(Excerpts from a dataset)

.....

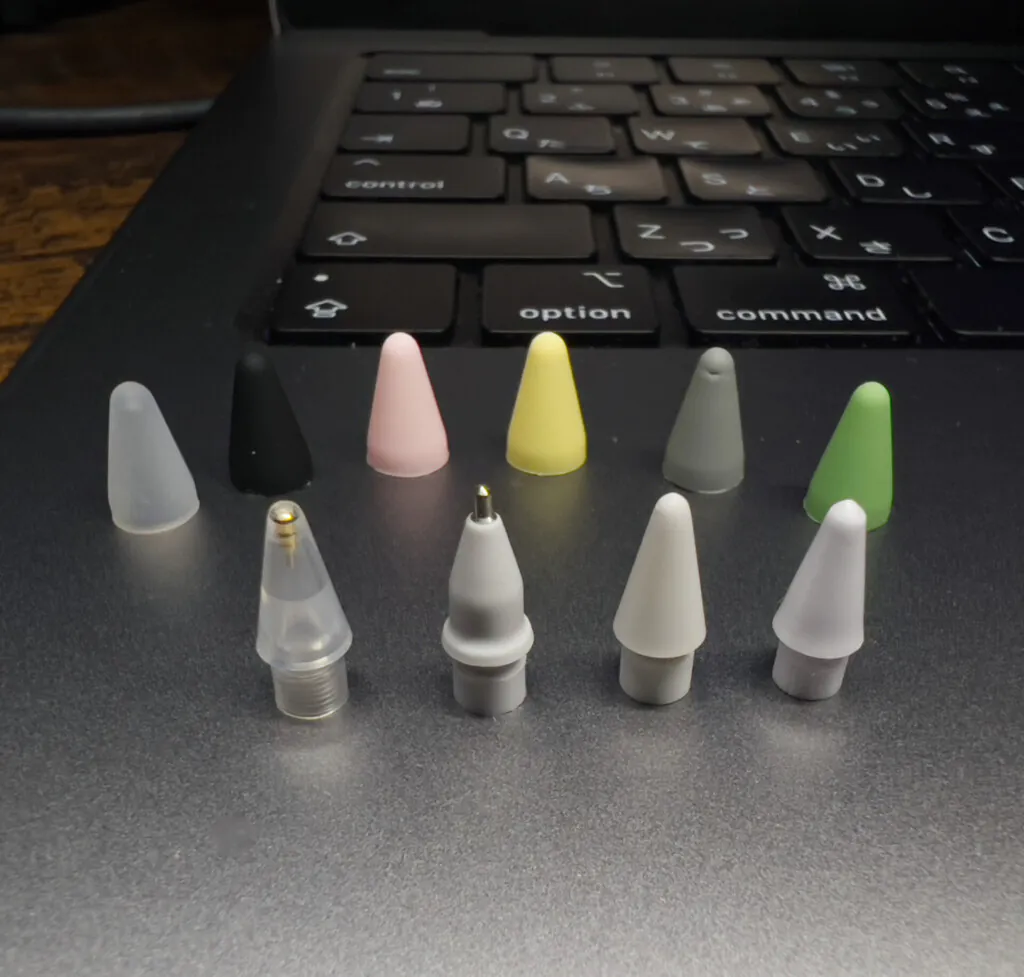 交換ペン先には多種多様な種類があります。
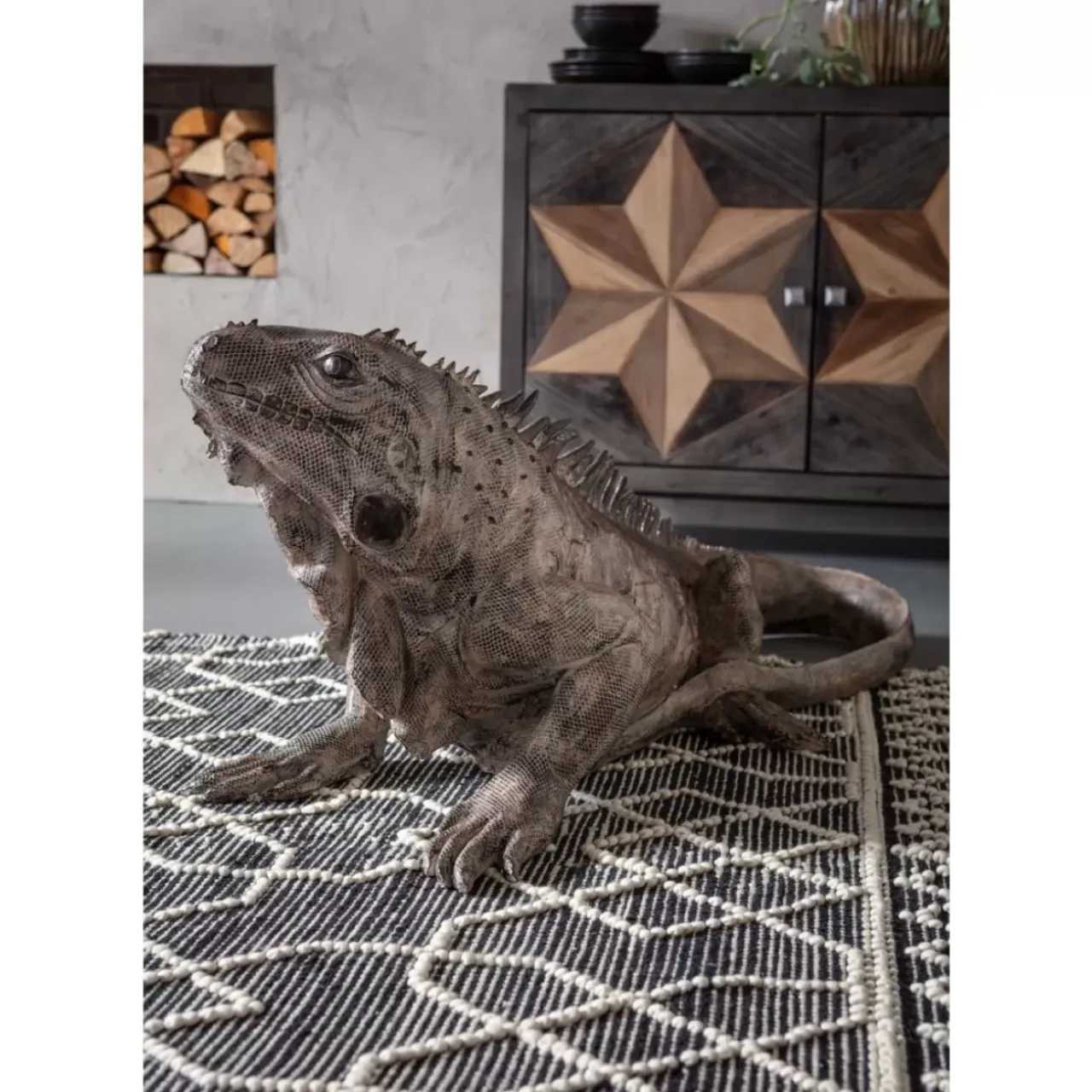 Deko & Geschenkartikel-KARE Design Deko Objekt Iguana 135Cm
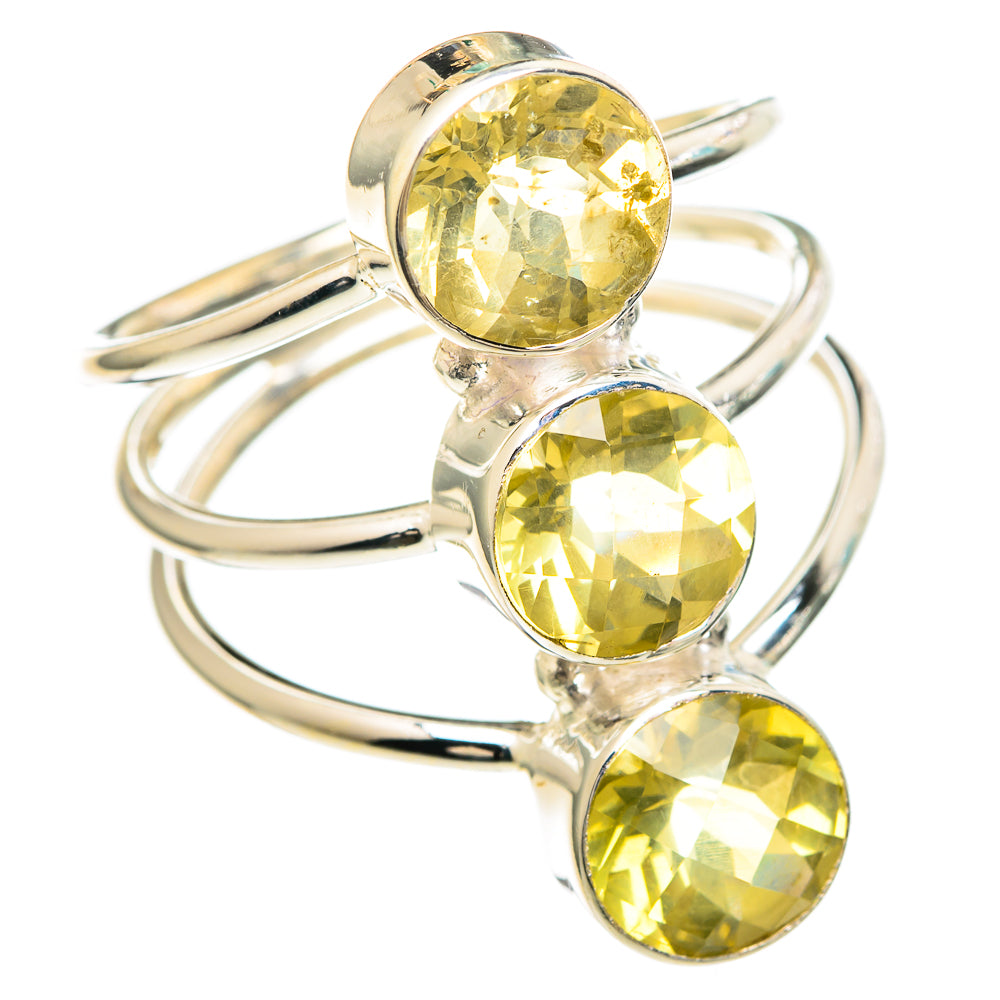 Citrine Rings handcrafted by Anasilvercos - RING100143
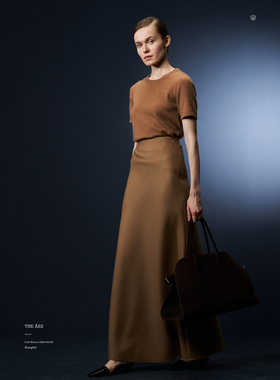 安上THE AES四季版鱼尾质感羊毛半裙妖娆多姿 锦上添花的绝色身姿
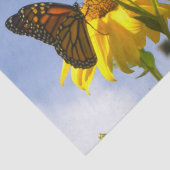 Monarch Butterfly N Sunflower Tissuepapier (Detail)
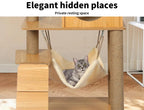 Cat Tree Scratching Post With Hammock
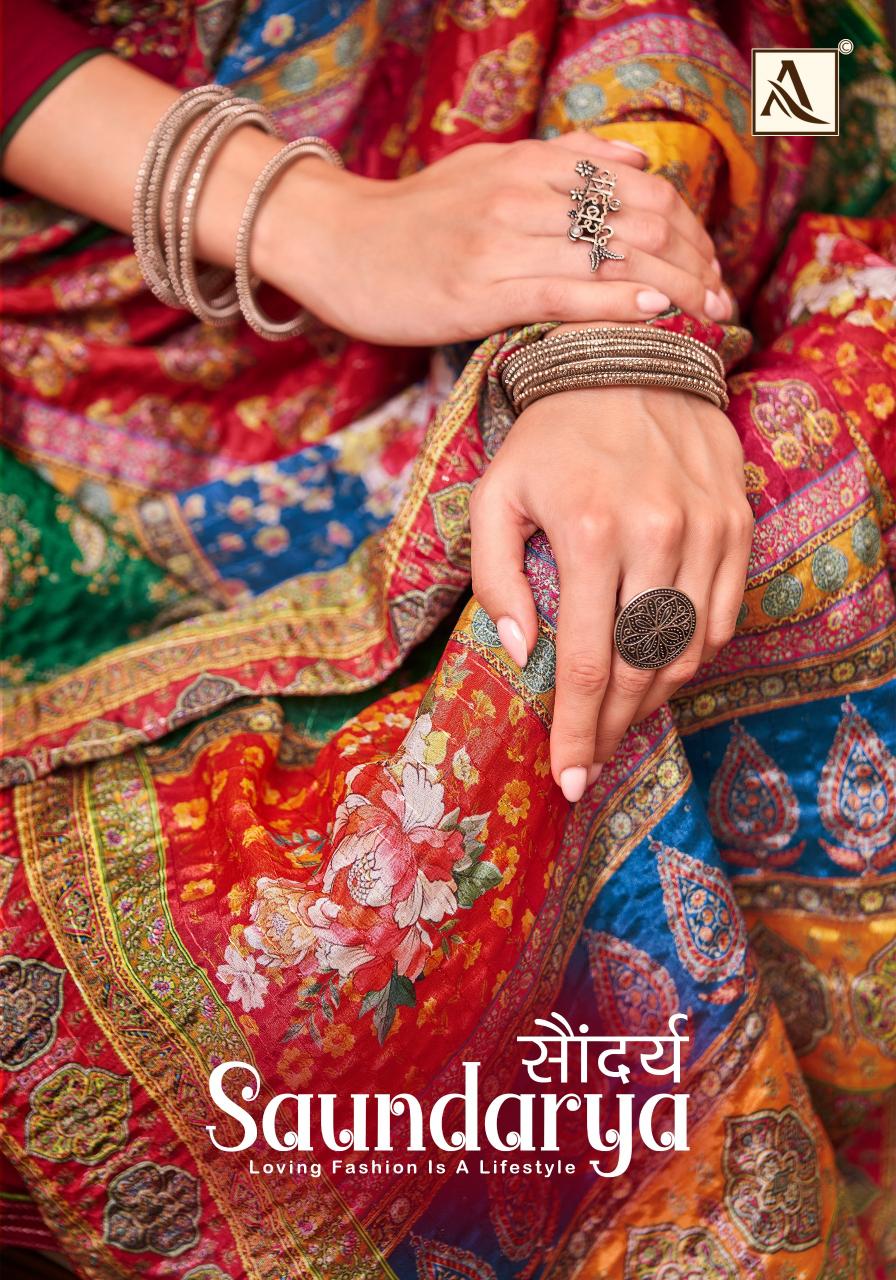 Alok Saundarya Dress Material Wholesale Catalog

.....

*PROBLEM REQUIREMENTS:* Beginning with the line that contains "Citrine Rings handcrafted" and ending with the last line of the data, restate each line word for word. Exclude the pictures.

*REPLY:*
 Citrine Rings handcrafted by Anasilvercos - RING100143
 安上THE AES四季版鱼尾质感羊毛半裙妖娆多姿 锦上添花的绝色身姿
 Monarch Butterfly N Sunflower Tissuepapier (Detail)
 Cat Tree Scratching Post With Hammock
 Alok Saundarya Dress Material Wholesale Catalog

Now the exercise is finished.